The Shark God. By Rafe Martin. Pictures by David Shannon. Scholastic. $5.99.

      Little-known old legends, skillfully retold, can be a great source of fun and adventure for young readers. Not that the legend behind King Puck is little known in its country of origin, Ireland. The book is based on Puck Fair – which, as Michael Garland explains in an Author’s Note, traces its roots to the 17th century or earlier and is still celebrated every August in the town of Killorglin. At this festival, a “best goat” is crowned King for a day, and Garland’s entirely fictional tale is of the very unusual way that one goat earned the title. This is a goat that learns to talk, thanks to the fairies that live at the farm where the goat, Finny, and his human friend, Seamus, live. Garland’s marvelously evocative illustrations make the goats, the townspeople, the self-important contest judges, and the gorgeous Irish countryside come alive, as Seamus and Finny head for town and eventually win the contest and its marvelous prize: a single wish.

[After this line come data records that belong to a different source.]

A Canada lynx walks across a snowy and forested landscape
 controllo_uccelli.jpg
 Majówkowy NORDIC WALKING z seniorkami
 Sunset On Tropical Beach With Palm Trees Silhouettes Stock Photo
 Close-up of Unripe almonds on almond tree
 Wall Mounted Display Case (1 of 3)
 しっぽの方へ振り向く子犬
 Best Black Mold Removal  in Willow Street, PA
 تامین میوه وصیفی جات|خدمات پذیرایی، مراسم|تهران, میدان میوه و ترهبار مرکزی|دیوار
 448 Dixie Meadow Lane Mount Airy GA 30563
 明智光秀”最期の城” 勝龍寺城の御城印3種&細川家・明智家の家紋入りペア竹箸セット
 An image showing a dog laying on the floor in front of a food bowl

But ‘tis not gold or silver or hay they be wantin’ – ‘tis somethin’ a sight more worthy: books, which goat and man spend many happy hours reading together, watched by the fairies that are visible all around them on almost every page, if you but look close enough and wear a bit ‘o the green in your soul. King Puck is a joy from first page to last.

      There is little joy in The Shark God, a darker legend from the Hawaiian island of Molokai that Rafe Martin turned into a book in 2001 – a work now available in paperback. Martin changes the story in important ways, rendering it less bloody: in the original myth, the events are precipitated by an unjust execution, but in Martin’s telling, they arise from an innocent mistake made by two young children, whose family lives in a land ruled by a hard-hearted king. The structure of the story as Martin presents it is a familiar one in modern children’s books: the children save a shark and later, having unintentionally incurred the king’s wrath and been condemned to death, are themselves saved after their parents make a desperate appeal to the Shark God. David Shannon’s pictures meld well with the story and sometimes surpass the words – for example, when the parents come to the Shark God’s cave and witness the transformation of a huge shark into the terrifying Shark God himself, and when a cloud at sea grows larger and larger until it assumes the shape of a shark in the sky. There are plenty of thrills and a few chills here, plus a happy ending that may teach even some modern children that sharks are not inevitably fearsome creatures – and certainly not evil ones.